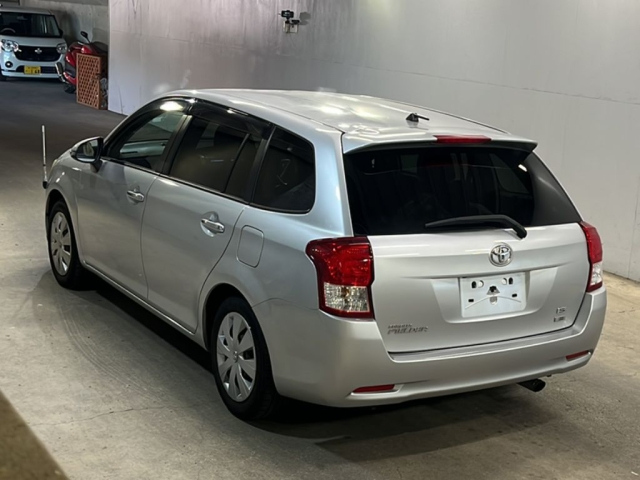 TOYOTA COROLLA FIELDER 2013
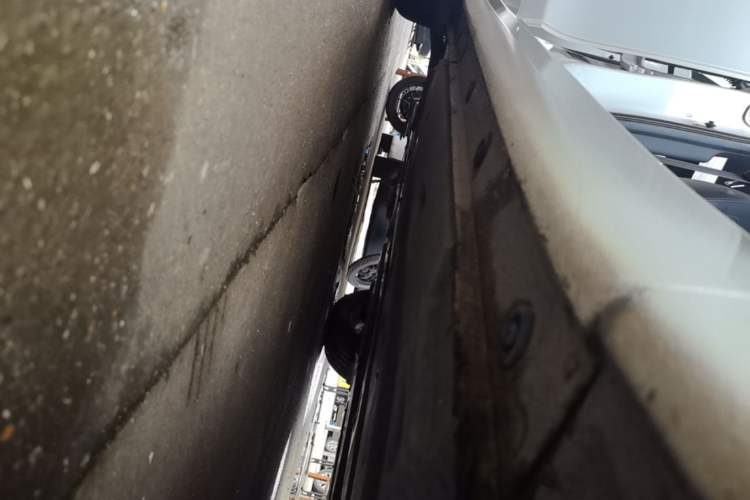Used Hyundai Mistra 2014 1.8L Automatic Smart GLS Right Side Sill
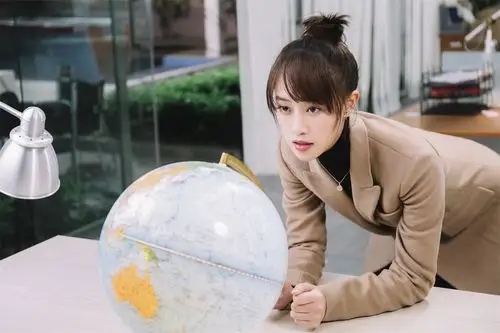 蓝盈莹《匠心传奇》化身"人形镇纸" "最红"联名款意义深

— Task goal —
Apart from the pictures, every line above must be printed exactly.

— Response to the task —
 TOYOTA COROLLA FIELDER 2013
Used Hyundai Mistra 2014 1.8L Automatic Smart GLS Right Side Sill
 蓝盈莹《匠心传奇》化身"人形镇纸" "最红"联名款意义深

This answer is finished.